Exposure data tracking is the latest evolution of a change in personal auto insurance underwriting and marketing from direct call and Internet marketing to the development of advanced rating variables. And it’s all a prelude to the introduction of automated vehicles that will drive themselves largely—or entirely—on their own.
Scott said that major U.S. automakers will be marketing fully autonomous vehicles by 2020, and the early indications are that autonomous vehicles will have fewer accidents than cars driven by humans. She told attendees that an autonomous auto tested by Google accounted for 0.7 accidents per million miles driven compared to a typical average of 2.0 accidents per million miles involving drivers in the U.S.
Exposure tracking and the advent of autonomous vehicles are shifting personal auto insurance risk exposure from dependence on driver skills, estimated distances driven and garage location to the precise determination of vehicle locations, driving habits, driving distances and traffic conditions, all determined through the collection of trip data gathered in real time.
Yet even these underwriting considerations will soon be supplemented, if not supplanted, by the loss experience of automated vehicles and their manufacturers.
This transformation will not be without risks of its own, Scott said. In particular, she cited disruption of networked communications as a hazard, especially as vehicle occupants become dependent on automated control and less practiced at taking control of a vehicle. “If some kind of communication goes down, there could be a very serious occurrence,” she said.
As individuals become accustomed to having their driving habits monitored electronically, they also find themselves returning home to dwellings with sensors to detect what’s happening within and outside the house.
Thomas Smith, founder and president of Senteri, a ﬁrm focused on smart-home solutions for P/C carriers, told attendees that the Internet of Things now amounts to more “everyday objects” than cellphones connected to the Internet and collecting data.

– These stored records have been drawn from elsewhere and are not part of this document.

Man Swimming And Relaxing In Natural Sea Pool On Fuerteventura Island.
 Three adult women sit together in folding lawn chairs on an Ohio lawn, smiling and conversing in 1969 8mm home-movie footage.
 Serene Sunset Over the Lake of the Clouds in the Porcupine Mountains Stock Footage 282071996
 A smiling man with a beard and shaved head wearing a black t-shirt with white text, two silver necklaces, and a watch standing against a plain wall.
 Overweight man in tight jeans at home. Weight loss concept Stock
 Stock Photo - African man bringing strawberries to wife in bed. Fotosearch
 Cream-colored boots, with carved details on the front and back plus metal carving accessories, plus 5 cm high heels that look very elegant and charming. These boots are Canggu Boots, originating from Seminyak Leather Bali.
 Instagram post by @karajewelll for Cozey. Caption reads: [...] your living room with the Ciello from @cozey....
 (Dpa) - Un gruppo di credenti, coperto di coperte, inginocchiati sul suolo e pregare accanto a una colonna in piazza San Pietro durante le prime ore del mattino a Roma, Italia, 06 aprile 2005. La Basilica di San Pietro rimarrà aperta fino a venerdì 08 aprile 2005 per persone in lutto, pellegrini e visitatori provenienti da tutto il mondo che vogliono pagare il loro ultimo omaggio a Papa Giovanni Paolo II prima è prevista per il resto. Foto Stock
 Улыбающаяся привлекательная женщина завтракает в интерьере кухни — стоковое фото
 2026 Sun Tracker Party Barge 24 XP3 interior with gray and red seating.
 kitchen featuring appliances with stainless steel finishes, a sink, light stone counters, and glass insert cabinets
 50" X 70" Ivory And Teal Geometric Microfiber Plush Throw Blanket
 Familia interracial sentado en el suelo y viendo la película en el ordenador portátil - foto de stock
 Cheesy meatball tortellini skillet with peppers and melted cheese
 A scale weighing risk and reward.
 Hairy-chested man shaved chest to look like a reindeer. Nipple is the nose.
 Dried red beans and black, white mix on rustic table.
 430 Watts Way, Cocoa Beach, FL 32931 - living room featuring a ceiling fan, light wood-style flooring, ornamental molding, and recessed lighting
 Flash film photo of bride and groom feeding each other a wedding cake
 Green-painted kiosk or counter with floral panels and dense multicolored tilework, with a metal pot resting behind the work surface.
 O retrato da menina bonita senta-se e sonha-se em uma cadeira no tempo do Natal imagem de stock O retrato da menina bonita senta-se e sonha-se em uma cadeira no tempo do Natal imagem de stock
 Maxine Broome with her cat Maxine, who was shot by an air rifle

Even with that, the IoT is still in its infancy, with a little more than 10 percent of homes in the U.S. equipped with “smart” thermostats, lighting, door locks, and smoke and CO2 detectors, plus monitors for security, heat and water use. However, such devices have become standard features of newly constructed homes.
Major carriers, including American Family, Liberty Mutual and State Farm have developed service packages for automated home monitoring with an eye toward attracting new business, improving retention, reducing losses and accumulating data as an asset for underwriting and ratemaking.
“The early movers are those carriers with the most resources,” Smith said. “This indicates to the rest of the industry what’s possible. “You can almost have any sensor to detect any peril. It’s coming to be within the grasp of ordinary people.”